Today they do. When a domain was $200 to register in the 90’s, people treated URLs like phone numbers were also treated at the time - to be written down, memorized and then typed precisely in (with slashes!) to find whatever Bob the builder was offering.

It’s odd to me tbh that phone numbers were solved with contact lists and address books, along with the occasional “new phone, who dis?”

2 comments

> When a domain was $200 to register in the 90’s people treated URLs like phone numbers were also treated at the time - to be written down, memorized and then typed precisely in (with slashes!) to find whatever Bob the builder was offering

This was the case well into the 2000s, if I recall correctly, and even into the mid-late 2010s, when URL shorteners proliferated to manage the complicated URLs generated by Google Forms etc.

> It’s odd to me tbh that phone numbers were solved with contact lists and address books

What's odd about that?
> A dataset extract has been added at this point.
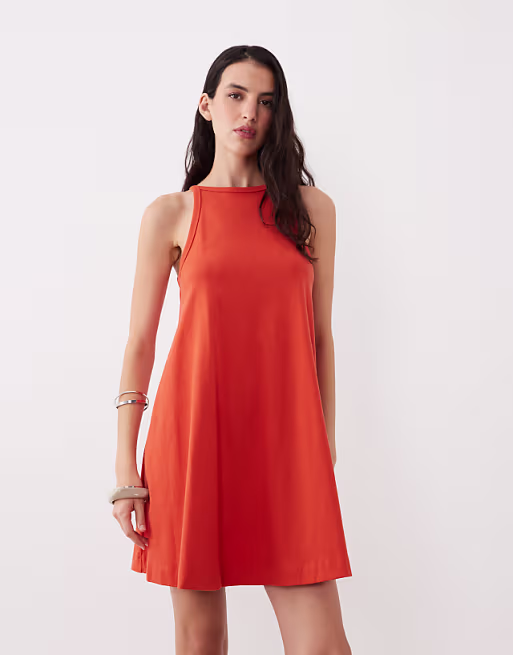 mini trapeze dress in red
I didn't really understand your comment.

I can email mike@somedomain.com but I can't "call" or "text" mike@somedomain.com . You can kinda sorta see this now with imessage / facetime, but that's not consistent and implemented in a standard protocol.
So phone numbers could have become more semantic. Instead we have arbitrary phone numbers and wrap meaning around them.

I guess it’s been so long that I needed to find and type out a phone number that I don’t think about it any more.